◆ Dataset excerpts:
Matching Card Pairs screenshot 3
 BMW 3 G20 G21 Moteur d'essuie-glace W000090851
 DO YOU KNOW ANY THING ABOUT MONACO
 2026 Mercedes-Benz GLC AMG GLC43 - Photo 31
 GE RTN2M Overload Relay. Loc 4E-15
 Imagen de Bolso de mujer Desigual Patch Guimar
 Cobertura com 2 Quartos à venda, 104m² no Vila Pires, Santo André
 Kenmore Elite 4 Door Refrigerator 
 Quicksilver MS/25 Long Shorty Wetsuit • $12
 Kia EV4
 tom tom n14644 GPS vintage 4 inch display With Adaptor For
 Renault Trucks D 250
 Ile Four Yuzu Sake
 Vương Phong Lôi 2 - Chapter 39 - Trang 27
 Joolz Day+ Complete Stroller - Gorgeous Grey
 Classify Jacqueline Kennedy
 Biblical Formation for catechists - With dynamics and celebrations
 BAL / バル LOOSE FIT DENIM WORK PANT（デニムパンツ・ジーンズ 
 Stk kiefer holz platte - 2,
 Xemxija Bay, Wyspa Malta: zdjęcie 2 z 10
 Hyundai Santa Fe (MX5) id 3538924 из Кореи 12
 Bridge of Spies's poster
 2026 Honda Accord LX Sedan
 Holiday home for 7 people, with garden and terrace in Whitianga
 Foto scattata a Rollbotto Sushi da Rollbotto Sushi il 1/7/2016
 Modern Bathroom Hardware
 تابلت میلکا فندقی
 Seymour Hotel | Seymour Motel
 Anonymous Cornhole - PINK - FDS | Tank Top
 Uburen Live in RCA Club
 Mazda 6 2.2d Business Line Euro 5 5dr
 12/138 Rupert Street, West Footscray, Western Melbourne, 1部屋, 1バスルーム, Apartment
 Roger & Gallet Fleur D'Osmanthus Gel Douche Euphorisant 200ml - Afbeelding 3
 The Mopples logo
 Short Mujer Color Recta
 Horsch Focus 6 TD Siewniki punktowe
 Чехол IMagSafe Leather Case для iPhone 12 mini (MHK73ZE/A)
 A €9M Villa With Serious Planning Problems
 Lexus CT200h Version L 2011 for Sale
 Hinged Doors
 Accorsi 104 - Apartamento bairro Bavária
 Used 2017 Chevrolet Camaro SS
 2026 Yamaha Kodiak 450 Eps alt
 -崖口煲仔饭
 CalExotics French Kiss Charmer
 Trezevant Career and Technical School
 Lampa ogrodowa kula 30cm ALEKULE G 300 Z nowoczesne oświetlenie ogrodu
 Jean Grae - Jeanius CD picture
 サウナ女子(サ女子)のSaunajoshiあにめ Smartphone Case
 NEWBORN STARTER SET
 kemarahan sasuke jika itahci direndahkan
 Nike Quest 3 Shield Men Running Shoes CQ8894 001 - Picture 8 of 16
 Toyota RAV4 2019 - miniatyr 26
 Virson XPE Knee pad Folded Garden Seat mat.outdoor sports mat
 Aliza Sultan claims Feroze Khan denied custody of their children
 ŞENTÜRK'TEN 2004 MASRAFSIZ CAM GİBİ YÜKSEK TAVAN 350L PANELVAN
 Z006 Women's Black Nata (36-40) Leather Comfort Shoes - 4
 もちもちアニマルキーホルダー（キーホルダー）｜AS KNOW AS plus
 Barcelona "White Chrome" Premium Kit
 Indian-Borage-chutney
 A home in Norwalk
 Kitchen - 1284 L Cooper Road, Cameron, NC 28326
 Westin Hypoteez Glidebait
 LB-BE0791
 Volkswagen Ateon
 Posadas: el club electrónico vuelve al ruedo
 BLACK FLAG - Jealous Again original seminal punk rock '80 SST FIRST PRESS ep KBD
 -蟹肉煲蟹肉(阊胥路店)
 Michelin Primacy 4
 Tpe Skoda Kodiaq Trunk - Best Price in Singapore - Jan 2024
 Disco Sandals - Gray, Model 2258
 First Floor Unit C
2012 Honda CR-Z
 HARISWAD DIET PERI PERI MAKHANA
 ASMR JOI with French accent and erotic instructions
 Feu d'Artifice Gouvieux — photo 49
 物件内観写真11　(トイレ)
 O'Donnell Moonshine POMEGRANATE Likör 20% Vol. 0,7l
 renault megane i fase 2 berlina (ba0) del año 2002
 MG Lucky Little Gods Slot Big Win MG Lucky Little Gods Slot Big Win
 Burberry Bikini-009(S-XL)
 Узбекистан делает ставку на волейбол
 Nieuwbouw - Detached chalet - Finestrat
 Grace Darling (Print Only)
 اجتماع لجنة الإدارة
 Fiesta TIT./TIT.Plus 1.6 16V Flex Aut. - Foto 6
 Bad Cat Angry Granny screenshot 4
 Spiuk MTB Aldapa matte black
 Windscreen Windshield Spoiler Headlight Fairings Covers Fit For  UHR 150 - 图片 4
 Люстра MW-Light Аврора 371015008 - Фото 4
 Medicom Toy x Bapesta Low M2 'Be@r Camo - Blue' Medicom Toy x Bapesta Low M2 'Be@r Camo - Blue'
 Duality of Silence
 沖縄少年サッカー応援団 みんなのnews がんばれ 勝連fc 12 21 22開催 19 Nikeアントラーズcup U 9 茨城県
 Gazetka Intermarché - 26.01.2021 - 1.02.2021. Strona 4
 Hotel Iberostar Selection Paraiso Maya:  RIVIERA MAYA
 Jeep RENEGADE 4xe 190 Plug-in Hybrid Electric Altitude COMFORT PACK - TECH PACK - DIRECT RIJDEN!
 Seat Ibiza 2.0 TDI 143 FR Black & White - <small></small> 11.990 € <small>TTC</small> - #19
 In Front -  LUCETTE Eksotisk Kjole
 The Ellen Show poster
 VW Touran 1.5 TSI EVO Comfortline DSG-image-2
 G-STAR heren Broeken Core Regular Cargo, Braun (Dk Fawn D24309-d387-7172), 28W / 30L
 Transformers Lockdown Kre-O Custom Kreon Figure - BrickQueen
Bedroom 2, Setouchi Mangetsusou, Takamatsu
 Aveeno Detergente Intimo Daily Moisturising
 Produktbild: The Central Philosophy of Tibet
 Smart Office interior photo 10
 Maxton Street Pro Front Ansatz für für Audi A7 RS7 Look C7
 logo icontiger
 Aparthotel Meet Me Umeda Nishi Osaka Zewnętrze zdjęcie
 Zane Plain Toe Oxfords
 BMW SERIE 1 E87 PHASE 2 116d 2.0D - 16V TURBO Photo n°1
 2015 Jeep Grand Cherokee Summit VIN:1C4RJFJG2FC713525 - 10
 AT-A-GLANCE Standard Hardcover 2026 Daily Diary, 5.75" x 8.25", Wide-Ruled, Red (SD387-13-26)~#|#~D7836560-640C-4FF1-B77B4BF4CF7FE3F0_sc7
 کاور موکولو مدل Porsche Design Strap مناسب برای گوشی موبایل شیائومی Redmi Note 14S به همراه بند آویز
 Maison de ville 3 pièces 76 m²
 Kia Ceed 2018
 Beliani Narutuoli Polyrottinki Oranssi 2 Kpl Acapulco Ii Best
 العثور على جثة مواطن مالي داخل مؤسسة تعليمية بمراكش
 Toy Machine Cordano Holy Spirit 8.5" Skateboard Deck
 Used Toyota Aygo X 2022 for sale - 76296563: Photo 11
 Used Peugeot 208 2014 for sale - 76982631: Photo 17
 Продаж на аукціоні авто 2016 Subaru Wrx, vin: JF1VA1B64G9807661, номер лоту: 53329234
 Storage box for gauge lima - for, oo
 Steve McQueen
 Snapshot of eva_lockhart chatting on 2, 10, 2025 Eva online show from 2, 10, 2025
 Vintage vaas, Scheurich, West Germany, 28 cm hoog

◆ Required work: Only an exact copy of the listing above, from its first line up to and including the line with "Bridge of Spies's poster", counts as the answer.

◆ Completed exercise:
Matching Card Pairs screenshot 3
 BMW 3 G20 G21 Moteur d'essuie-glace W000090851
 DO YOU KNOW ANY THING ABOUT MONACO
 2026 Mercedes-Benz GLC AMG GLC43 - Photo 31
 GE RTN2M Overload Relay. Loc 4E-15
 Imagen de Bolso de mujer Desigual Patch Guimar
 Cobertura com 2 Quartos à venda, 104m² no Vila Pires, Santo André
 Kenmore Elite 4 Door Refrigerator 
 Quicksilver MS/25 Long Shorty Wetsuit • $12
 Kia EV4
 tom tom n14644 GPS vintage 4 inch display With Adaptor For
 Renault Trucks D 250
 Ile Four Yuzu Sake
 Vương Phong Lôi 2 - Chapter 39 - Trang 27
 Joolz Day+ Complete Stroller - Gorgeous Grey
 Classify Jacqueline Kennedy
 Biblical Formation for catechists - With dynamics and celebrations
 BAL / バル LOOSE FIT DENIM WORK PANT（デニムパンツ・ジーンズ 
 Stk kiefer holz platte - 2,
 Xemxija Bay, Wyspa Malta: zdjęcie 2 z 10
 Hyundai Santa Fe (MX5) id 3538924 из Кореи 12
 Bridge of Spies's poster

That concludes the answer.